** Opening Records to process block **

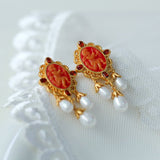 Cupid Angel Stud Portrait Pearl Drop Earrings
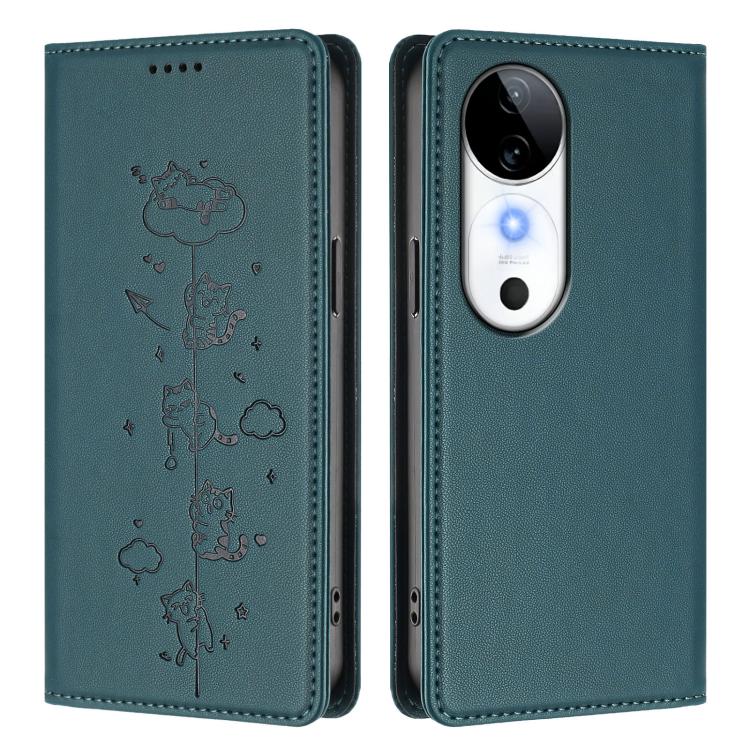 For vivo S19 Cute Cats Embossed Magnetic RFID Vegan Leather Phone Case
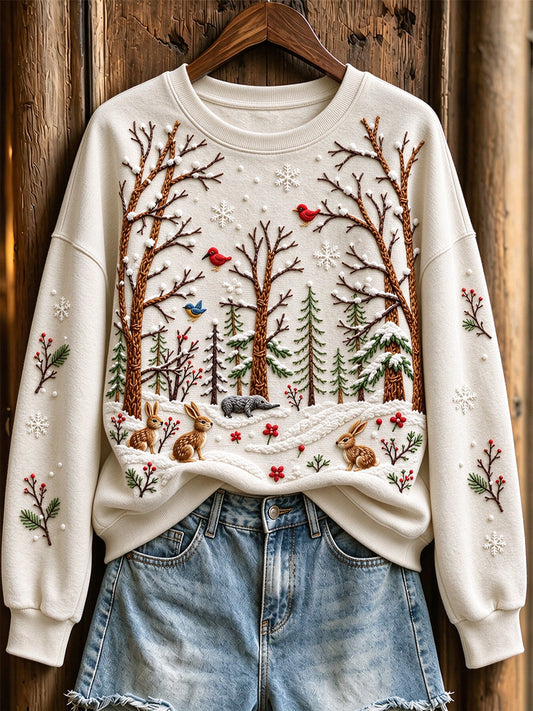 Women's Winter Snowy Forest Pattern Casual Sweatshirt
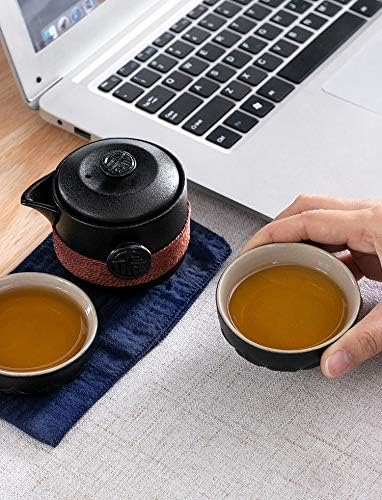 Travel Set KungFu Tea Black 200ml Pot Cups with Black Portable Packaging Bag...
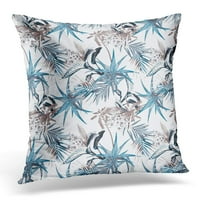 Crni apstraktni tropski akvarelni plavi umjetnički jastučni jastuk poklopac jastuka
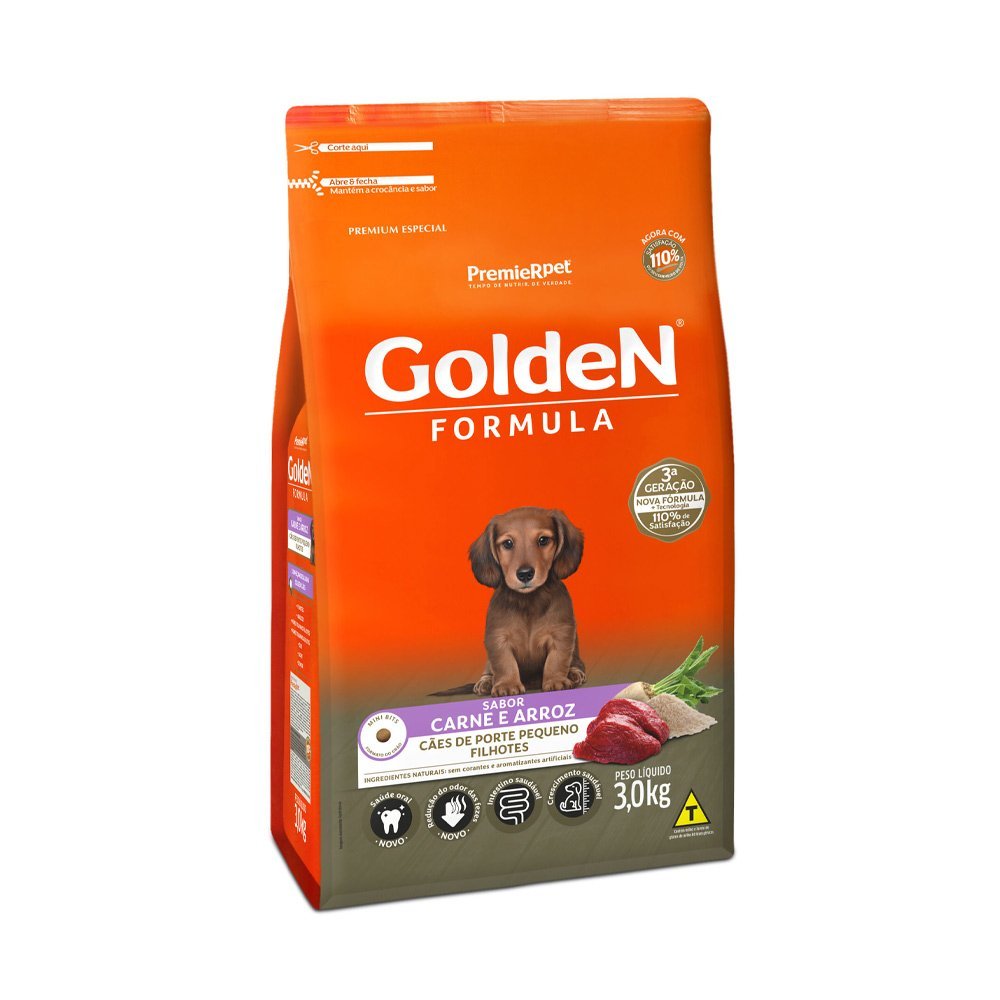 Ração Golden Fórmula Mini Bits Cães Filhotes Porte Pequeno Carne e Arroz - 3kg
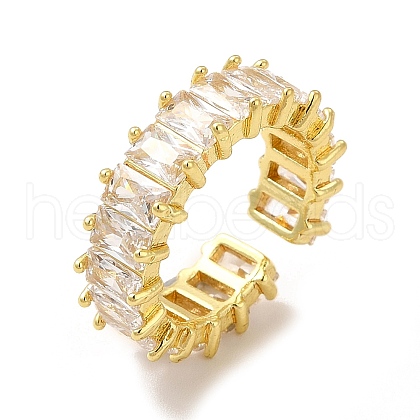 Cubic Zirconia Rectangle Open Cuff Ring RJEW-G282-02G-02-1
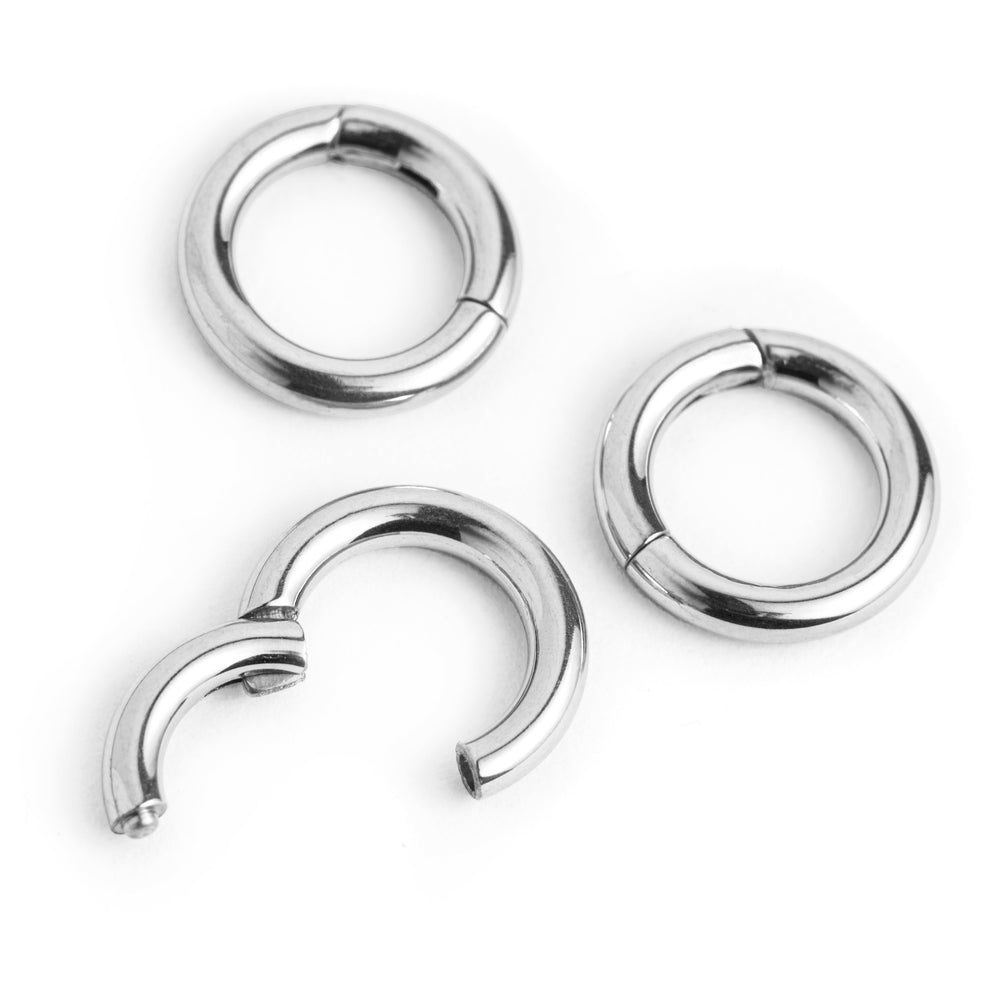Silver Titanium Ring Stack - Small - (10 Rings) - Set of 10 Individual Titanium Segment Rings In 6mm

** Closing Records to process block **

Work to complete:
Every line from the one that holds "Cubic Zirconia Rectangle" to the end of the listing should be output exactly, with pictures left out, please.

Answer to this exercise:
 Cubic Zirconia Rectangle Open Cuff Ring RJEW-G282-02G-02-1
Silver Titanium Ring Stack - Small - (10 Rings) - Set of 10 Individual Titanium Segment Rings In 6mm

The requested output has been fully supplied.